> [What you are asked to do]: Beginning at the line containing "Alice In Wonderland Tattoos T Shirt" in the material below and ending at the line containing "初中 地理 粤教粤人版(2024)七年级下册7.3 俄罗斯 课件第4页", return each line exactly and add nothing.

> [Source material]:
┌──
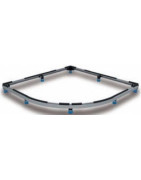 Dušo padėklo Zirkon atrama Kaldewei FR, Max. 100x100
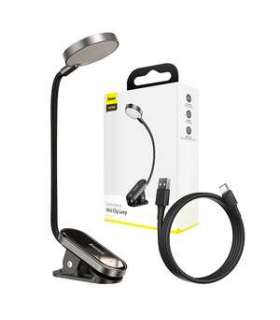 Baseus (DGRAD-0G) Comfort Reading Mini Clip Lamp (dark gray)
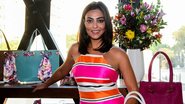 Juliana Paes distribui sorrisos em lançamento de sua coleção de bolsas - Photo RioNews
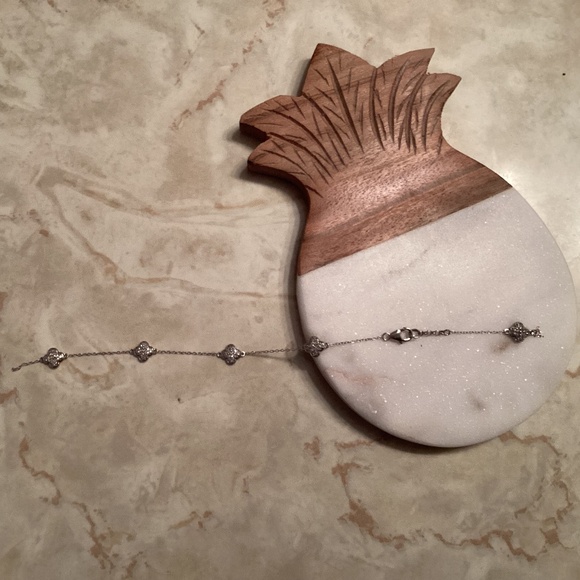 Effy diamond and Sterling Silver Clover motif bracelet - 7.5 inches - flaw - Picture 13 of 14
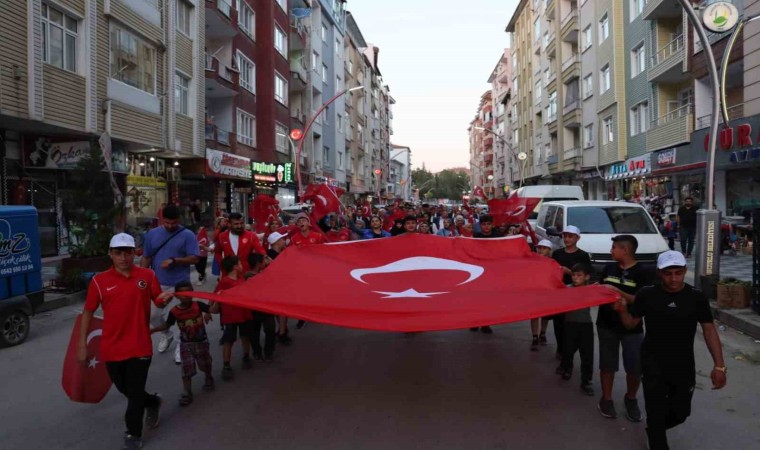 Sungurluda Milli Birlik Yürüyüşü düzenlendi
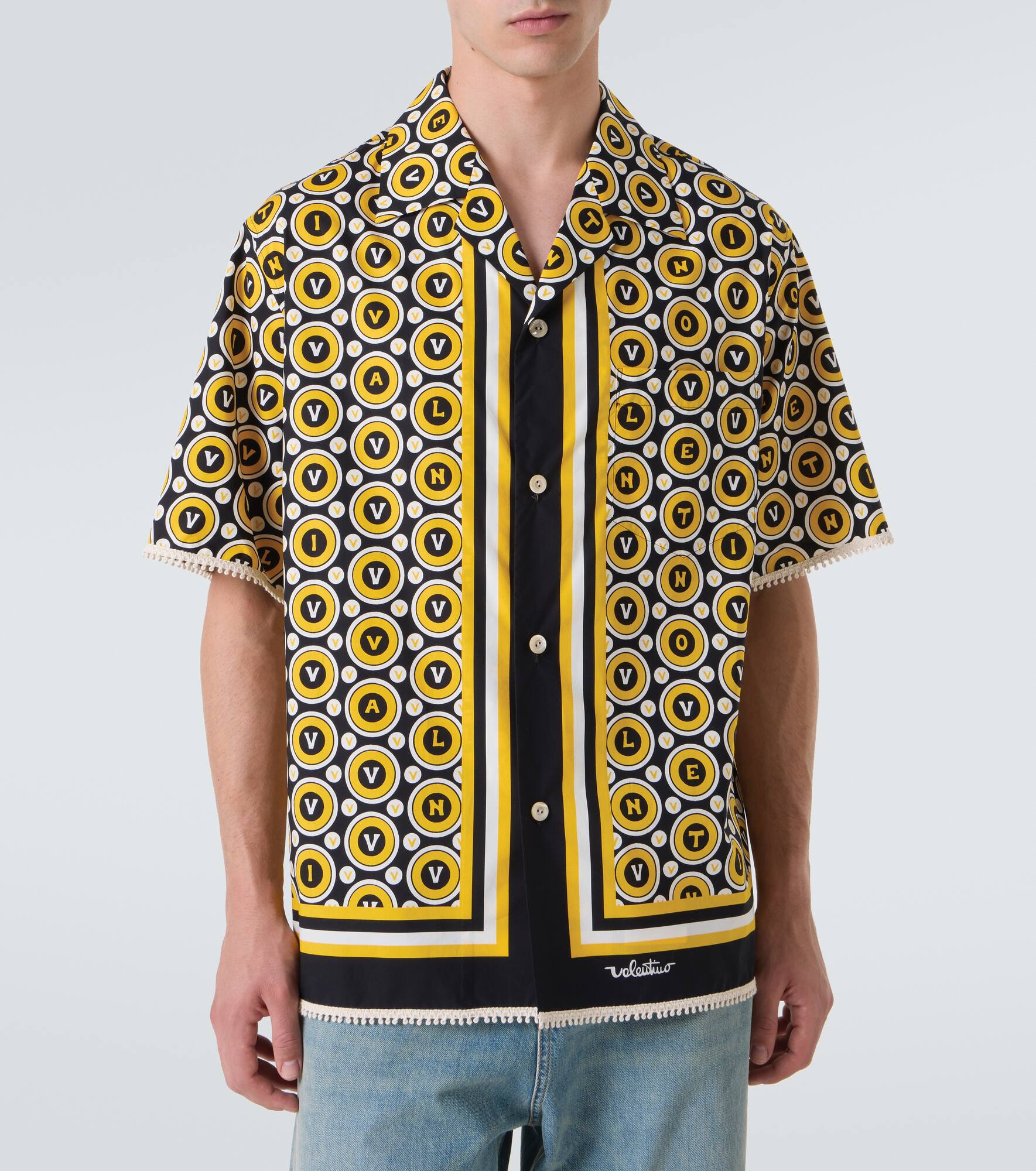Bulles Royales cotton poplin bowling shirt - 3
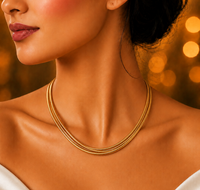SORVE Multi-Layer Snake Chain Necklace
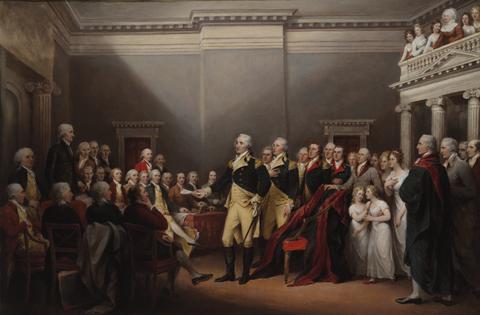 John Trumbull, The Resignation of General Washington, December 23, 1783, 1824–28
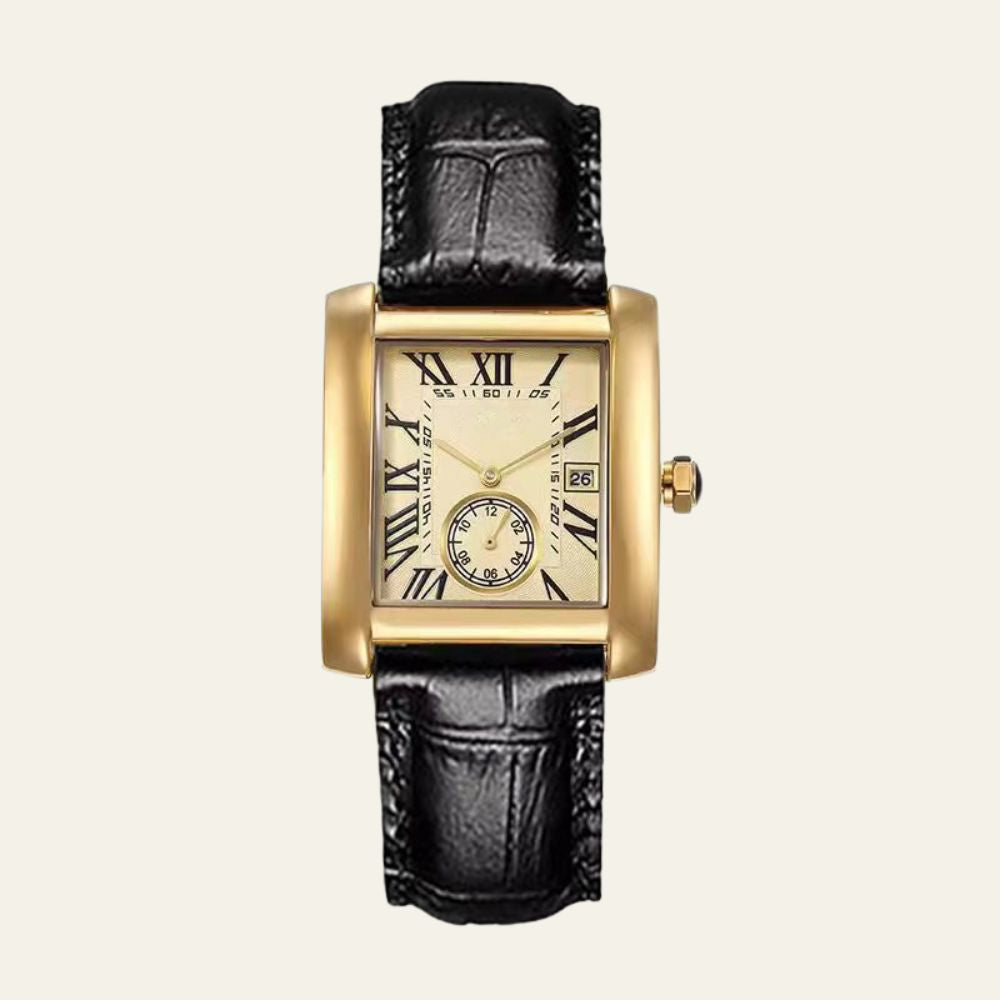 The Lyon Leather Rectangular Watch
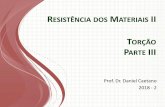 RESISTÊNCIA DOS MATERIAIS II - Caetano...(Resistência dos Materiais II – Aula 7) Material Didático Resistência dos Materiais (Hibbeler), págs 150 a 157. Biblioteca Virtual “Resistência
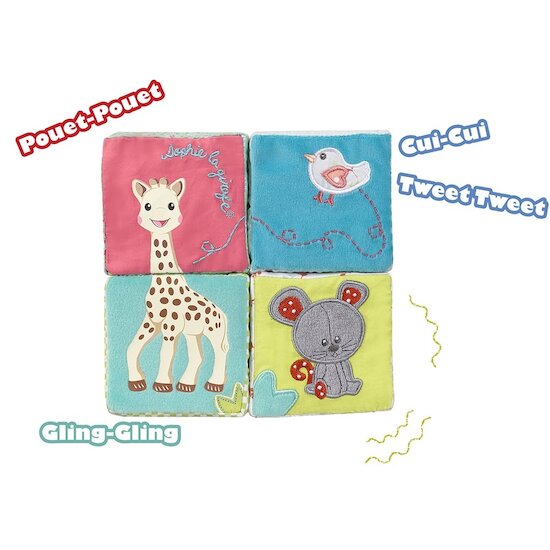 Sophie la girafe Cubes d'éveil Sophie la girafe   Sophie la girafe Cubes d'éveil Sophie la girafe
└──
┌──
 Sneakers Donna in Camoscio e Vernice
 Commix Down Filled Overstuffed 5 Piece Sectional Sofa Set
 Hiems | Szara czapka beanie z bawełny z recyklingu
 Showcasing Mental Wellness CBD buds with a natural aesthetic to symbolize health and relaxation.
└──
┌──
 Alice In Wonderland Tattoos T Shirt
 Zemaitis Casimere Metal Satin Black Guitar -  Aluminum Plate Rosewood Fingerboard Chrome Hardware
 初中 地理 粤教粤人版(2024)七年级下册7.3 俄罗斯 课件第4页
└──
> [Answer to this task]:
 Alice In Wonderland Tattoos T Shirt
 Zemaitis Casimere Metal Satin Black Guitar -  Aluminum Plate Rosewood Fingerboard Chrome Hardware
 初中 地理 粤教粤人版(2024)七年级下册7.3 俄罗斯 课件第4页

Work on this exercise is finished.